_Exercise prompt:_
Output every entry below word for word, without its pictures.

_Supplied records:_
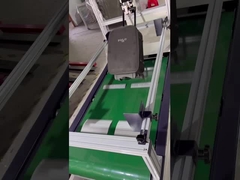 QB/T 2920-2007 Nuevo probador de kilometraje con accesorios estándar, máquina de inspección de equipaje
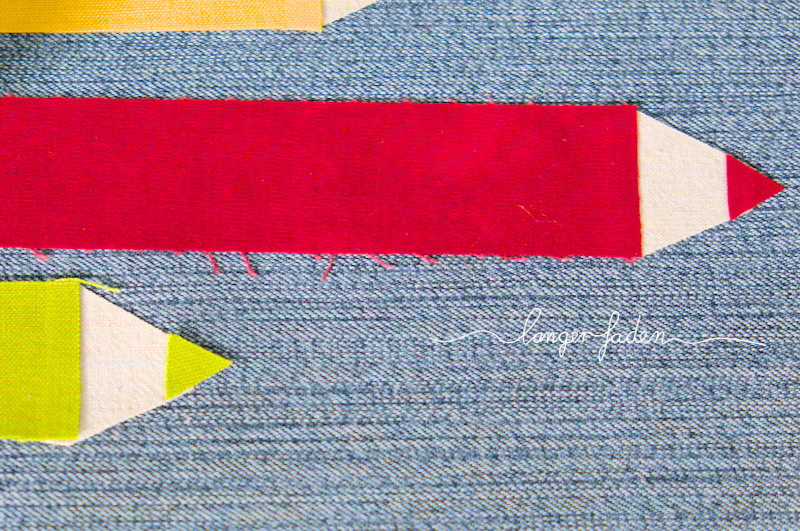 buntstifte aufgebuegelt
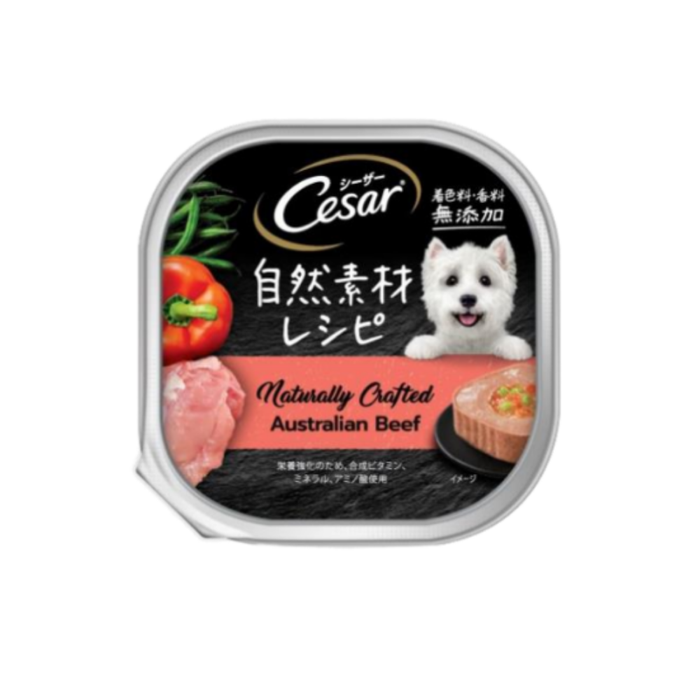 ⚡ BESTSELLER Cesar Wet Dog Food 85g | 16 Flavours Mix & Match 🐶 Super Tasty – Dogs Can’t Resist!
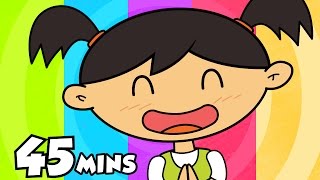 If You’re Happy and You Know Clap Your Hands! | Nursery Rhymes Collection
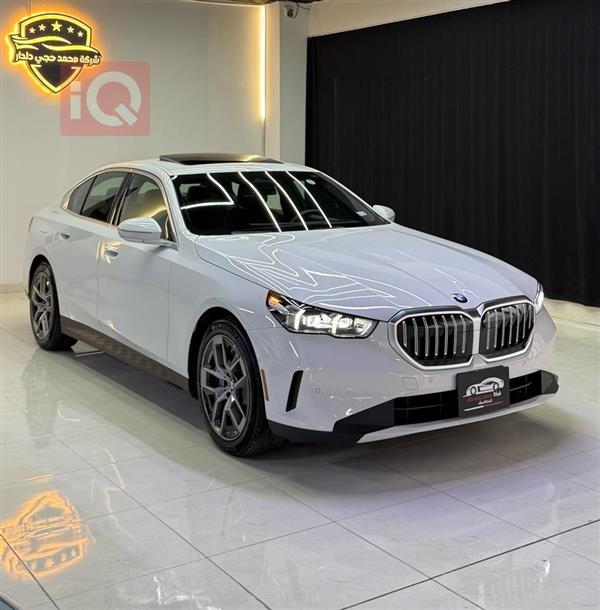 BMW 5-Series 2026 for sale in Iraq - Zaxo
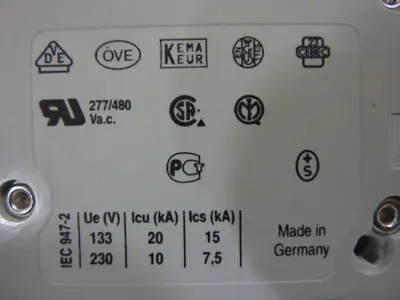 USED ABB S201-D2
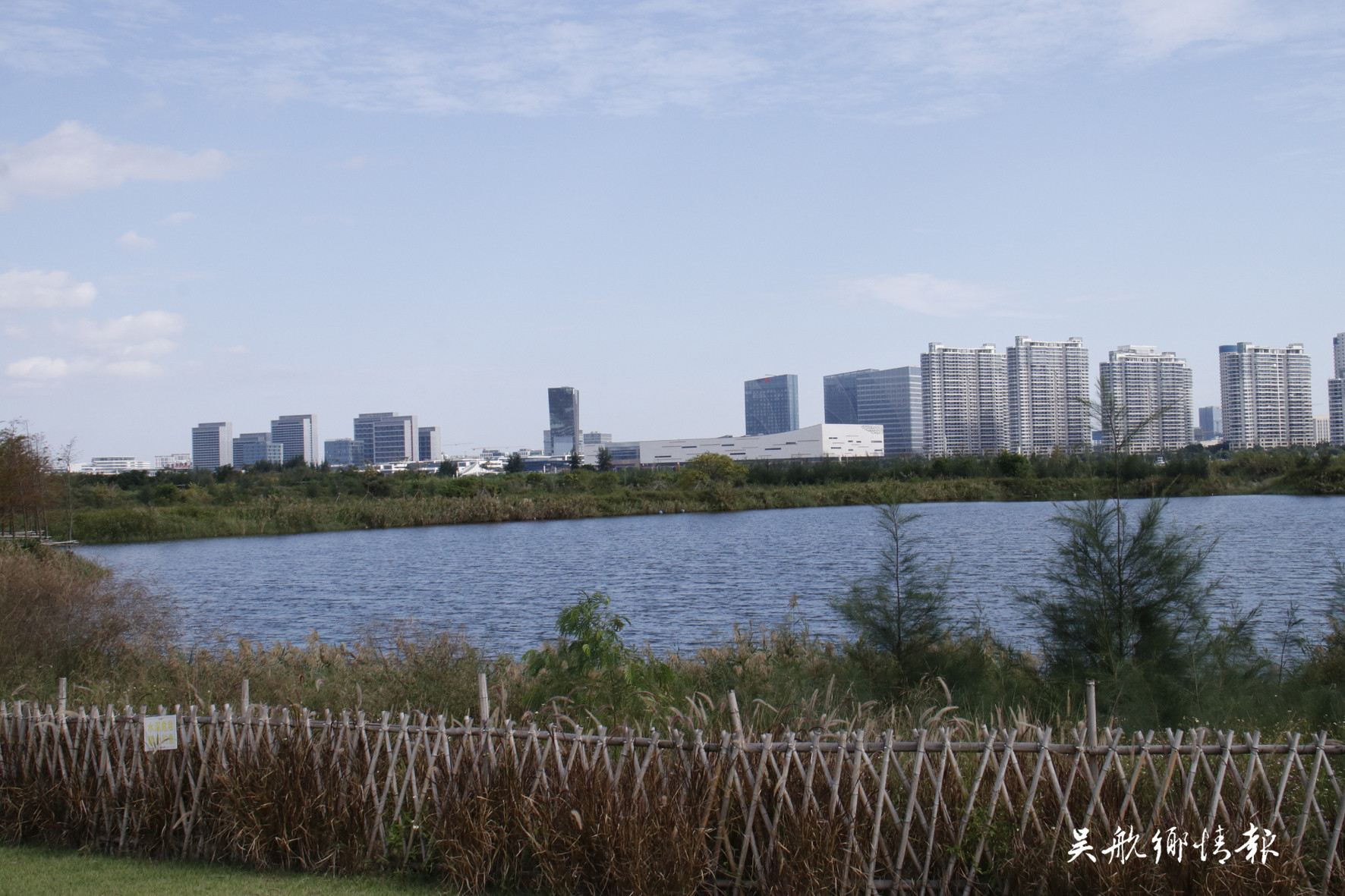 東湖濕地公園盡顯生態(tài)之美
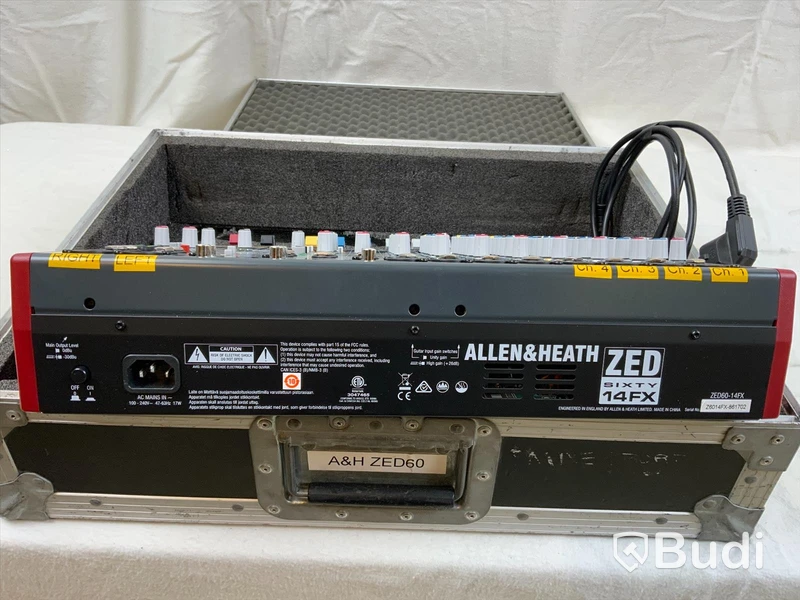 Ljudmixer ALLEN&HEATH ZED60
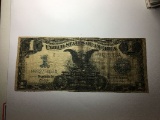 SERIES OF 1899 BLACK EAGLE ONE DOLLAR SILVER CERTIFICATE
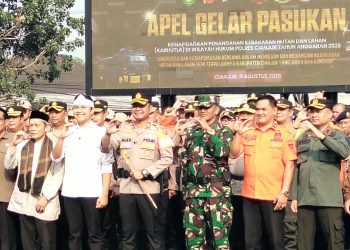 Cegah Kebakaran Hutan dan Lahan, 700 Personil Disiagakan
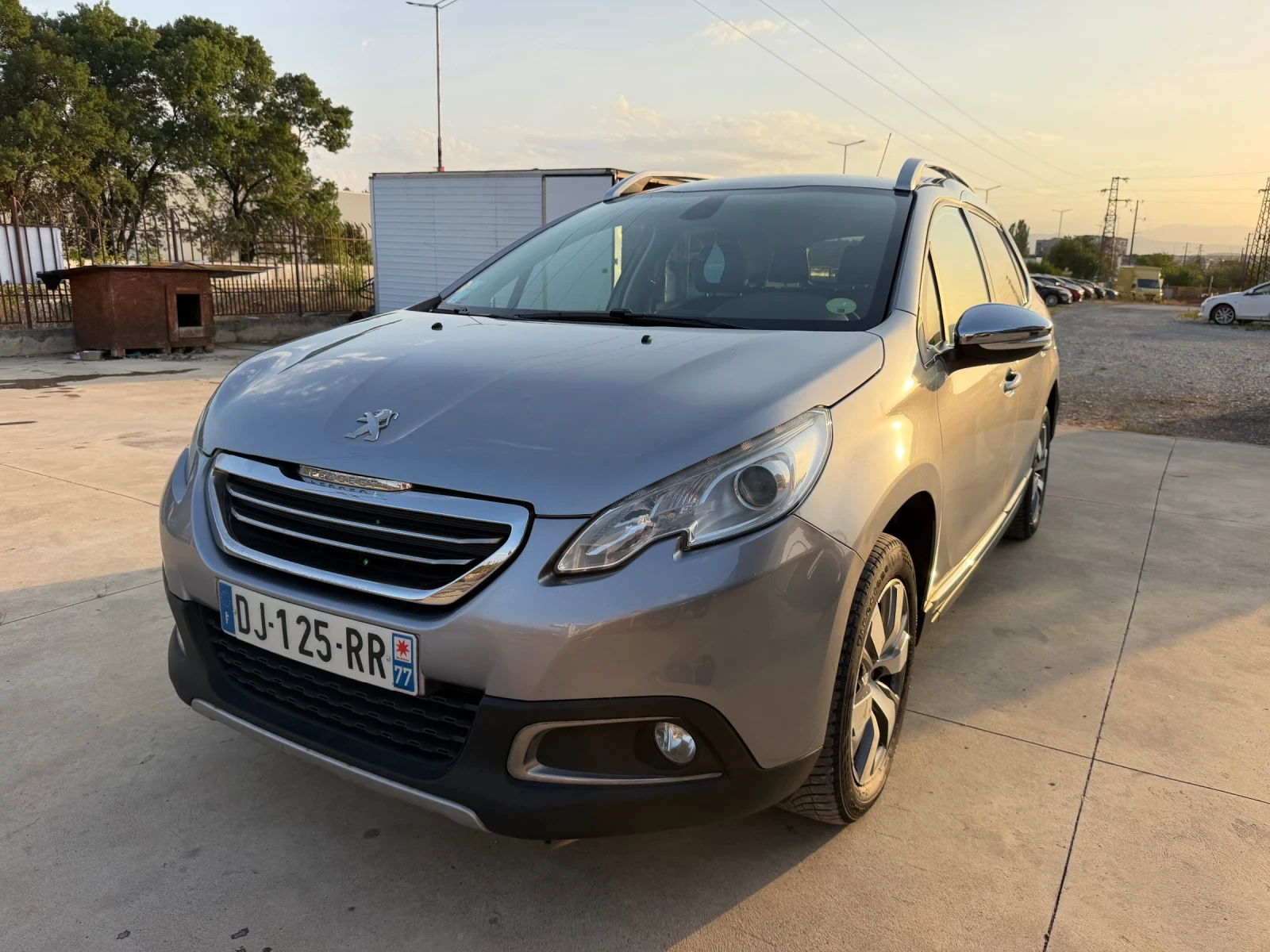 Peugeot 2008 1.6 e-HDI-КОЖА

_Your solution:_
 QB/T 2920-2007 Nuevo probador de kilometraje con accesorios estándar, máquina de inspección de equipaje
 buntstifte aufgebuegelt
 ⚡ BESTSELLER Cesar Wet Dog Food 85g | 16 Flavours Mix & Match 🐶 Super Tasty – Dogs Can’t Resist!
 If You’re Happy and You Know Clap Your Hands! | Nursery Rhymes Collection
 BMW 5-Series 2026 for sale in Iraq - Zaxo
 USED ABB S201-D2
 東湖濕地公園盡顯生態(tài)之美
 Ljudmixer ALLEN&HEATH ZED60
 SERIES OF 1899 BLACK EAGLE ONE DOLLAR SILVER CERTIFICATE
 Cegah Kebakaran Hutan dan Lahan, 700 Personil Disiagakan
 Peugeot 2008 1.6 e-HDI-КОЖА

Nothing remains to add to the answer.